* Information shown *
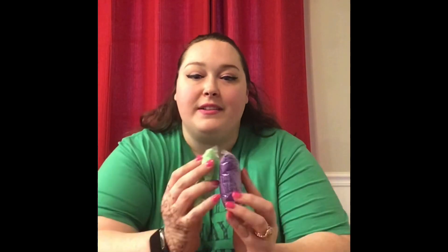Hey Girl Scouts! It's Miss Kate and today I'm gonna be showing you how to use the two things of air dry clay I sent home with you. We are going to be making a bowl.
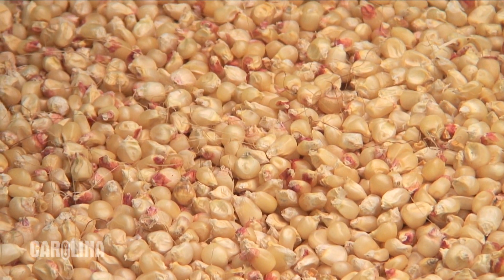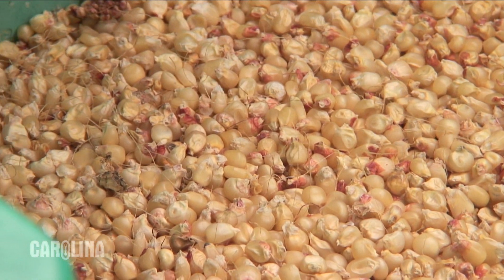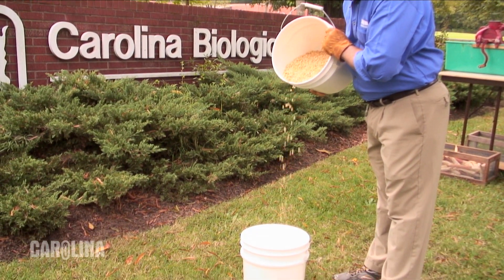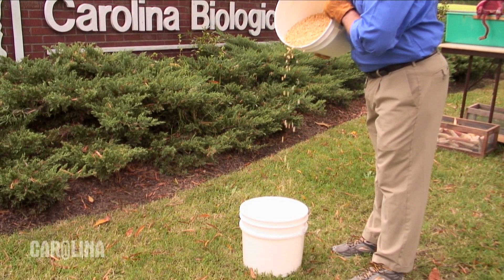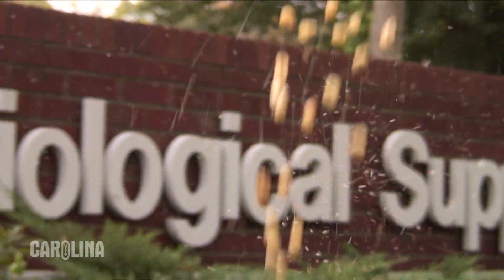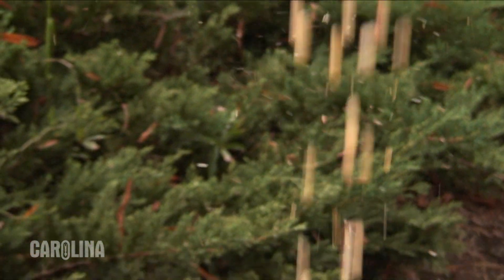Next, we have to clean these kernels. There are small pieces of cob, insect larvae, and insect eggs that are not suitable for long-term storage. So we need to be able to separate that from the larger kernels. To do so, we'll use a two-bucket method where we'll pour the kernels into one bucket and allow the wind to carry the insect larvae, the chaff, and the eggs away.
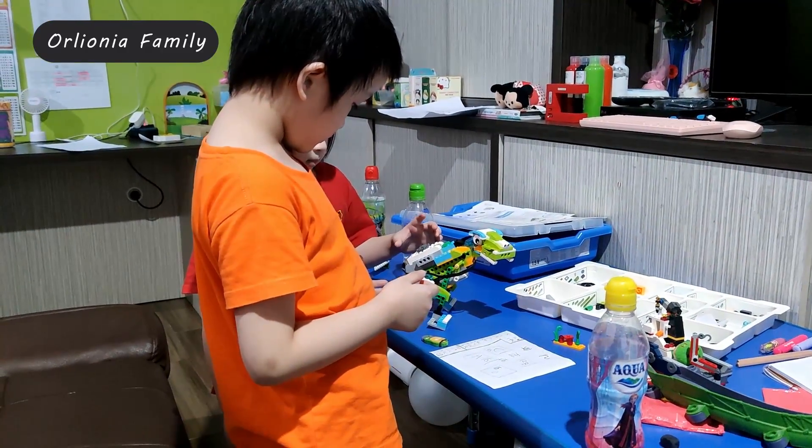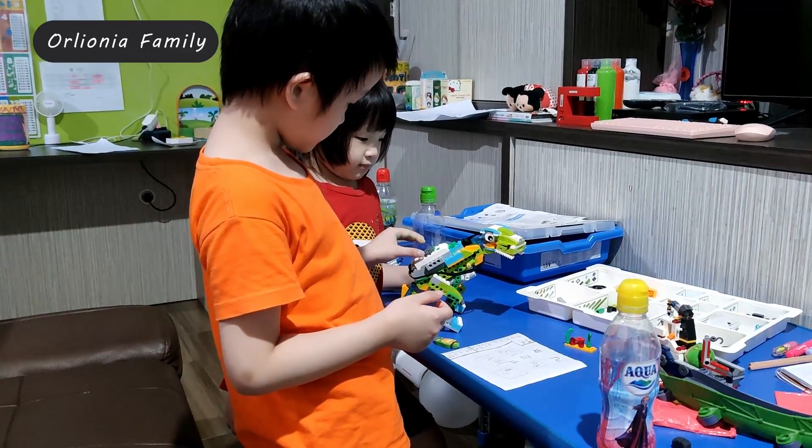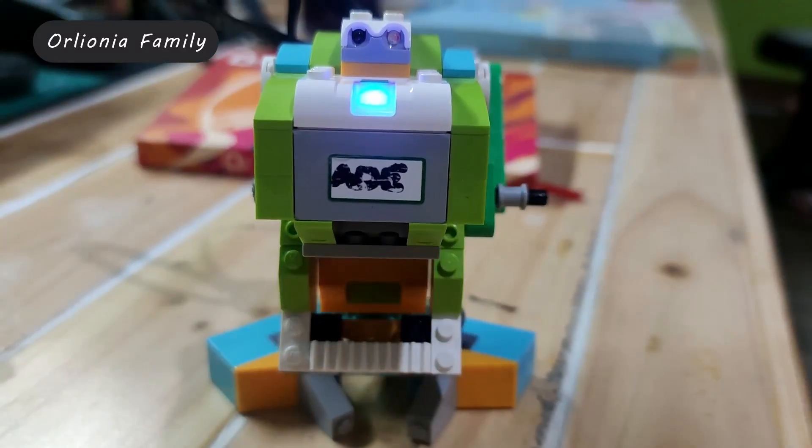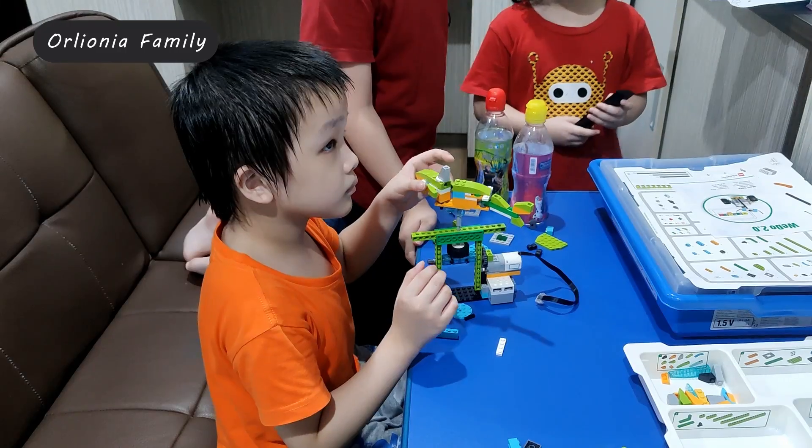Yang pertama adalah Dinosaurus dan yang kedua juga Dinosaurus. Yang membedakan adalah Dinosaurus pertama yaitu untuk menggerakkan kaki, sedangkan Dinosaurus yang kedua yaitu untuk menggerakkan mulutnya — yang kamu bisa lihat lebih keren kan?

* What you are asked to do *
Now write out the data word for word, skipping every picture in it.

* Answer *
Hey Girl Scouts! It's Miss Kate and today I'm gonna be showing you how to use the two things of air dry clay I sent home with you. We are going to be making a bowl.
Next, we have to clean these kernels. There are small pieces of cob, insect larvae, and insect eggs that are not suitable for long-term storage. So we need to be able to separate that from the larger kernels. To do so, we'll use a two-bucket method where we'll pour the kernels into one bucket and allow the wind to carry the insect larvae, the chaff, and the eggs away.
Yang pertama adalah Dinosaurus dan yang kedua juga Dinosaurus. Yang membedakan adalah Dinosaurus pertama yaitu untuk menggerakkan kaki, sedangkan Dinosaurus yang kedua yaitu untuk menggerakkan mulutnya — yang kamu bisa lihat lebih keren kan?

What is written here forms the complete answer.